Damascus has fallen. once again. One of the world’s oldest cities has fallen into decline. Rising again from its ruins, beginning a new order. In its rise and fall, Damascus has lessons for all civilizations, all rebels, and all regimes.
In July 2012, rebels entered Damascus, which had until now been considered impenetrable. Both the regime and the rebels understood its importance – military and symbolic. Rebels advanced towards Syria’s heavily militarized capital but made no real gains. A year later, in August 2013, the Syrian regime launched Operation Capital Shield. The capital had to be defended, and any amount of force was acceptable to repel any rebel attack. The city was defended through the use of disproportionate force against rebels operating from around Damascus. Only temporarily. Eleven years later, the regime has fallen. For the sixth time, at least, the Roman victory over the Seleucid Empire of Damascus since the 1st century AD.
circle of power
Damascus has not only seen violent regime change, but also experienced ethnic and religious clashes, including the Crusades. But in almost every significant conflict – whether civilizational or political – one thing has remained the same: the recapture of lost ground. Cyclical nature of power. The centuries-old unrestrained competition on the socio-political arena of Damascus has defined its character. Therefore, current developments in Syria should be examined through a more comprehensive lens of history and culture.
Peter Frankopan’s the Silk Road This underlines the importance of Damascus as an emporium near one of the world’s most prosperous trade routes. Despite not having easy access to the Mediterranean Sea, it was in the league of great metropolitan cities such as Byzantine Constantinople (Istanbul), Greco-Roman Antioch, and the old Chinese capital Chang’an.
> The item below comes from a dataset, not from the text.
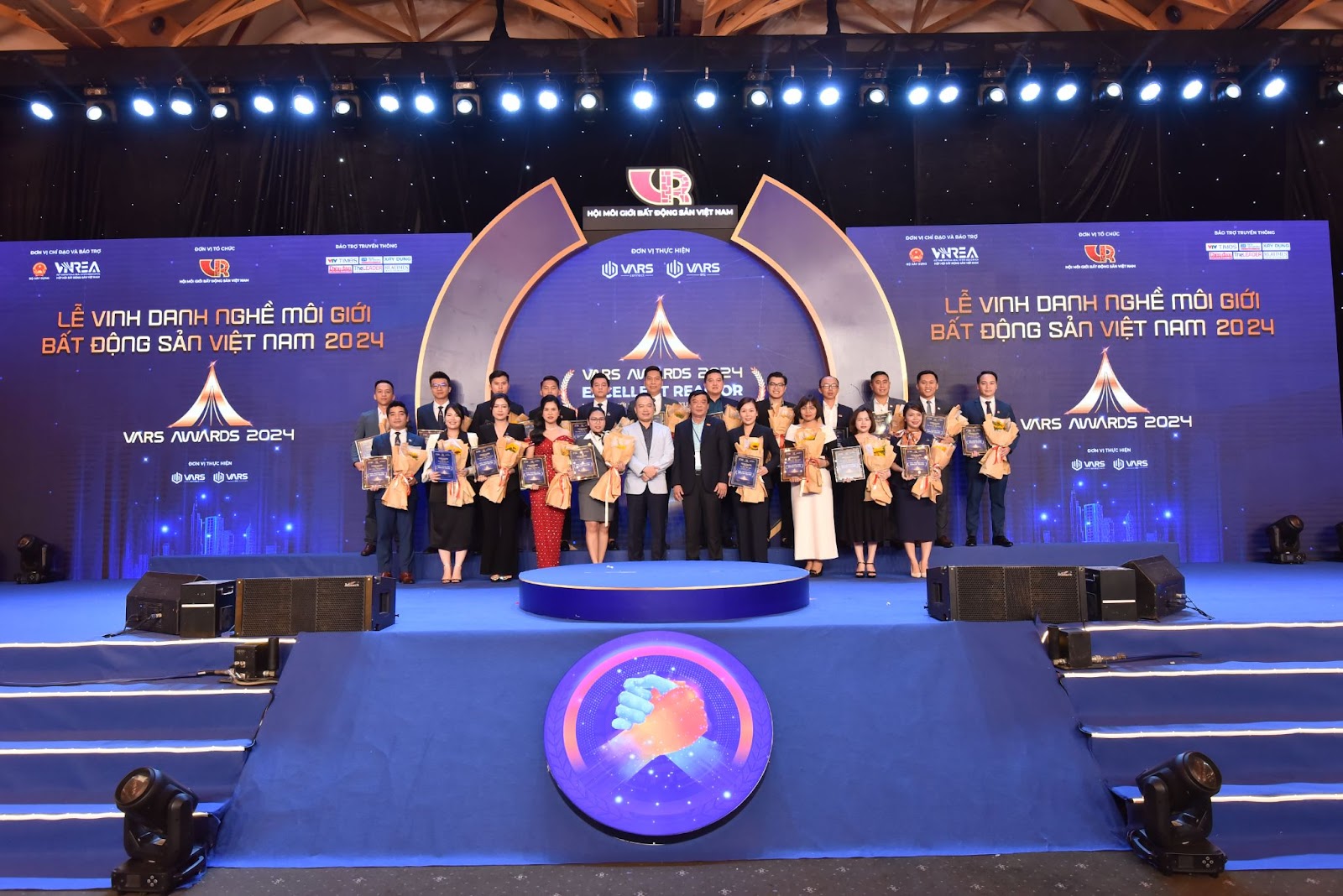 VARS AWARDS 2024 - Tôn vinh giá trị Người và Nghề Môi giới bất động sản- Ảnh 3.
The natural inland water systems of the Barada River and investment in irrigation infrastructure led to the adoption of agricultural practices that gave Damascus abundant land.
Even at the height of Christian-Muslim religious conflicts around the 10th century AD, merchants were having good times in Damascus. For example, Muslim traders from Spain were protected by the Christians of Damascus. For one of the world’s oldest inhabited cities, with no religious basis derived from any religious texts, trade was vital. Therefore the traders, the outsiders, were immune from local political and religious conflict. Damascene society was dependent on “outsiders” to maintain its regional power as the seat of socio-cultural dominance. Damascus, as it is known today, is essentially the result of four centuries of Ottoman rule that ended with the First World War. This city was the seat of the Turkish Vali.
Land of ‘outsiders’
Interestingly, Damascus had not been ruled by a local dynasty since the overthrow of the Aram-Damascene Empire in the eighth century BCE. This feature makes Damascus closer to Delhi than its Phoenician, Jewish and Arab neighbours. Soon the “outsiders” began to become insiders and the city grew. Delhi has this similarity with Damascus and hence the lessons from Damascus are relevant for us.
The rise and fall of the Assad regime alerts us to the limits of liberalism when it remains within the realm of the elite. There is always a danger of it collapsing under the weight of popular mobilization. The main basis of Syria’s multicultural nature was the harmonious association between different ethno-religious groups at different times in history. The Assad regime’s politicization of the multiculturalism of Syrian society was selfish. Following the 1970 military coup that installed Hafez al-Assad as an authoritarian ruler, the ruling Ba’ath Party, ironically the regional champion of dissidents in the Arab world, began to crush all forms of dissent.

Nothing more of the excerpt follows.